SUPPLIED RECORDS START
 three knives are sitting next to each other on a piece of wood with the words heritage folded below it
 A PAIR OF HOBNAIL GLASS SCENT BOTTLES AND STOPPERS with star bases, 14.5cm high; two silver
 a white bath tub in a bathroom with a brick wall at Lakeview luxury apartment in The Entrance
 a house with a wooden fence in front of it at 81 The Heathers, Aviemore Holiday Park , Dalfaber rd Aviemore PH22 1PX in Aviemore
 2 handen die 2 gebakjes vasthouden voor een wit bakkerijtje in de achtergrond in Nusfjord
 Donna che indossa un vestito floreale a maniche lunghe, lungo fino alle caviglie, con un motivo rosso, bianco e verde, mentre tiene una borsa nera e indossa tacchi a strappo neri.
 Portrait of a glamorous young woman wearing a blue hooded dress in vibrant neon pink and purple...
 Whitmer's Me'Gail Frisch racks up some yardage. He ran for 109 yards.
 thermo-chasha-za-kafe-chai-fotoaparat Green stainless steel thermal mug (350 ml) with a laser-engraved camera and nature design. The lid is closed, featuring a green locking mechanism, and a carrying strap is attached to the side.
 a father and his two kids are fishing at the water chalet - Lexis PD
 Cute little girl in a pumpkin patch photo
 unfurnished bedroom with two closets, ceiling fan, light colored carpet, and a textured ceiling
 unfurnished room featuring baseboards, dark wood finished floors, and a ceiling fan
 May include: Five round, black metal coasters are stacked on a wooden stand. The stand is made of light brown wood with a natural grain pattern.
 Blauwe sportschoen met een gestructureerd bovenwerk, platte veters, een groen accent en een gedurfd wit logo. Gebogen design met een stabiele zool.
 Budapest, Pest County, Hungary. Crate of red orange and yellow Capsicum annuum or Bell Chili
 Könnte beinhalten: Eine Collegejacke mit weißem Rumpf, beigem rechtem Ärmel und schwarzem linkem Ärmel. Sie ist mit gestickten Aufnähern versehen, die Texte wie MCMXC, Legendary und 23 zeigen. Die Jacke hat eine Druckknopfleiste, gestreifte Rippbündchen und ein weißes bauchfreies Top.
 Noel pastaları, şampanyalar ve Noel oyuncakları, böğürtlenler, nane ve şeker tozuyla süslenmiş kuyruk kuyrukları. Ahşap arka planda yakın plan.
SUPPLIED RECORDS END
Write down again the exact lines running from the beginning of the data to the line containing "Cute little girl in a pumpkin patch photo", with both ends included.

_OUTPUT FOR THIS EXERCISE_.
 three knives are sitting next to each other on a piece of wood with the words heritage folded below it
 A PAIR OF HOBNAIL GLASS SCENT BOTTLES AND STOPPERS with star bases, 14.5cm high; two silver
 a white bath tub in a bathroom with a brick wall at Lakeview luxury apartment in The Entrance
 a house with a wooden fence in front of it at 81 The Heathers, Aviemore Holiday Park , Dalfaber rd Aviemore PH22 1PX in Aviemore
 2 handen die 2 gebakjes vasthouden voor een wit bakkerijtje in de achtergrond in Nusfjord
 Donna che indossa un vestito floreale a maniche lunghe, lungo fino alle caviglie, con un motivo rosso, bianco e verde, mentre tiene una borsa nera e indossa tacchi a strappo neri.
 Portrait of a glamorous young woman wearing a blue hooded dress in vibrant neon pink and purple...
 Whitmer's Me'Gail Frisch racks up some yardage. He ran for 109 yards.
 thermo-chasha-za-kafe-chai-fotoaparat Green stainless steel thermal mug (350 ml) with a laser-engraved camera and nature design. The lid is closed, featuring a green locking mechanism, and a carrying strap is attached to the side.
 a father and his two kids are fishing at the water chalet - Lexis PD
 Cute little girl in a pumpkin patch photo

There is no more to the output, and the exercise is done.